▶ **WORK TO BE COMPLETED**
State how many lines of the entries below hold the word "mais"; reply with nothing but the number.

▶ **MATERIAL SHOWN**

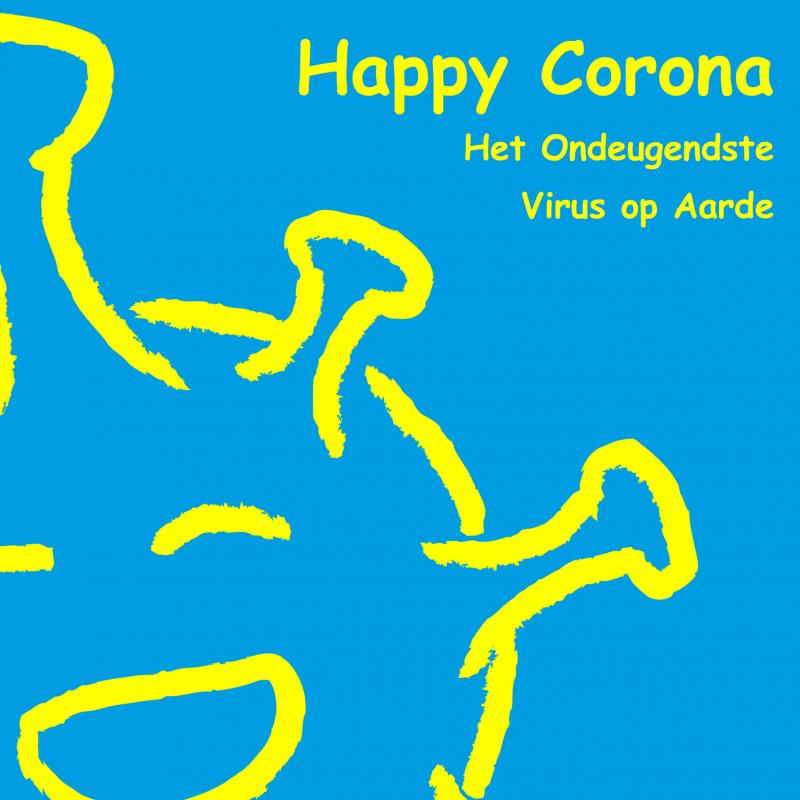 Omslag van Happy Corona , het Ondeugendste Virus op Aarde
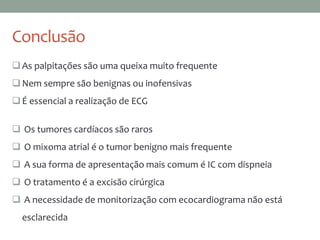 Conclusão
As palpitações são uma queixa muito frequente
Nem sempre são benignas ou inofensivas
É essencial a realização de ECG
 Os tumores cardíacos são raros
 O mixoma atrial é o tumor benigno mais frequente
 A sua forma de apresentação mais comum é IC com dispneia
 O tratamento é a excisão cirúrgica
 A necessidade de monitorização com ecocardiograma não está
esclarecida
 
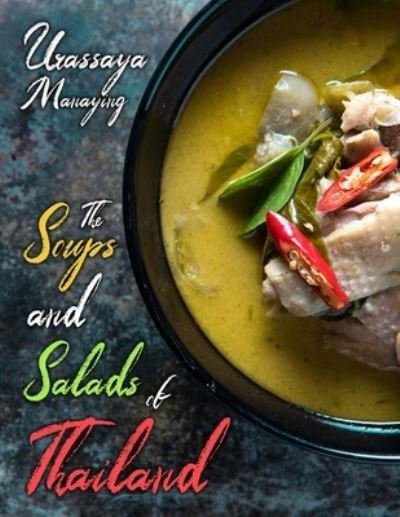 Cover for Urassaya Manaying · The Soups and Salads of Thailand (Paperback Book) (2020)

--

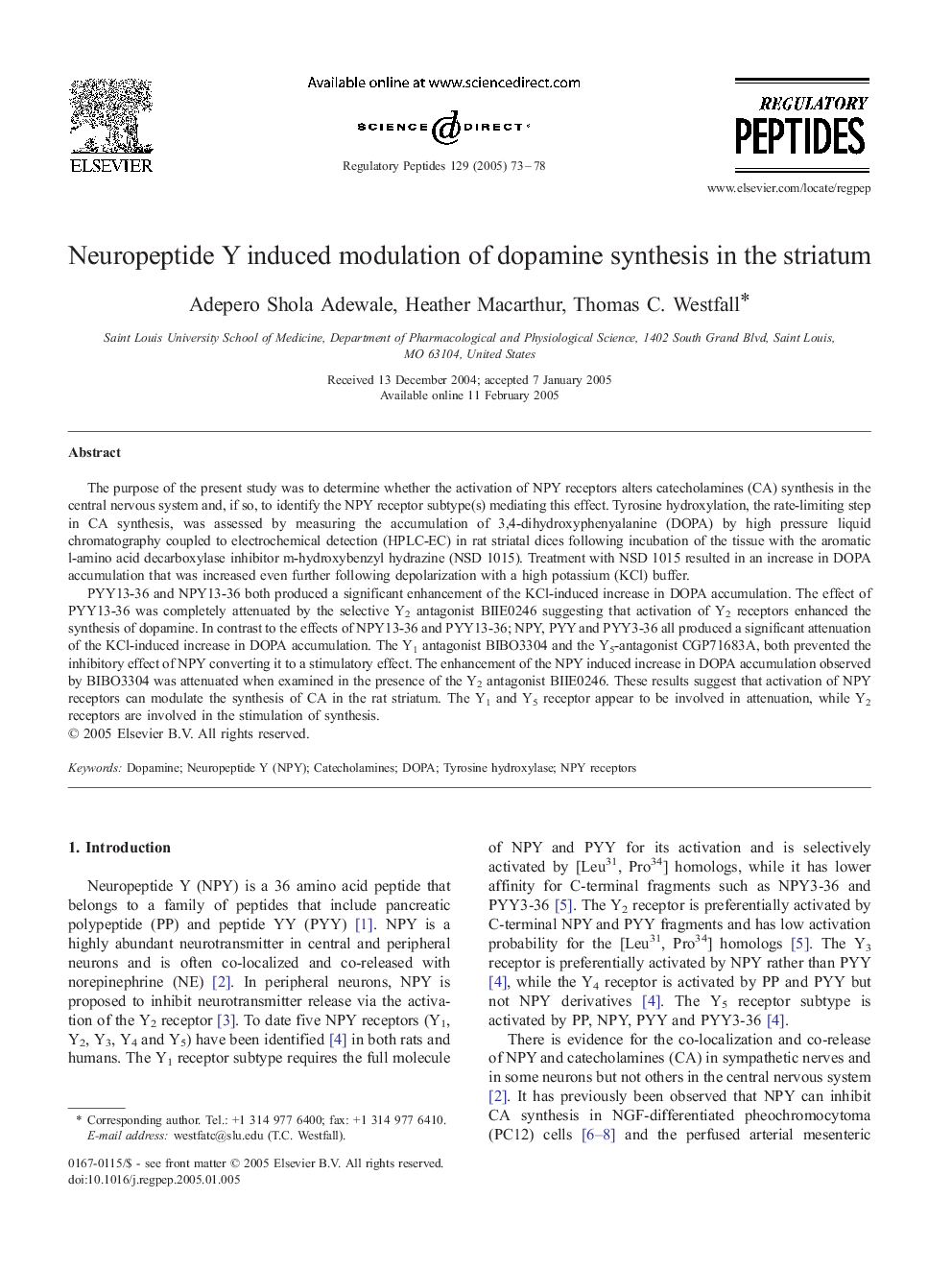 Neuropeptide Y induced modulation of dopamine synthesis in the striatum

▶ **WRITTEN RESPONSE**
2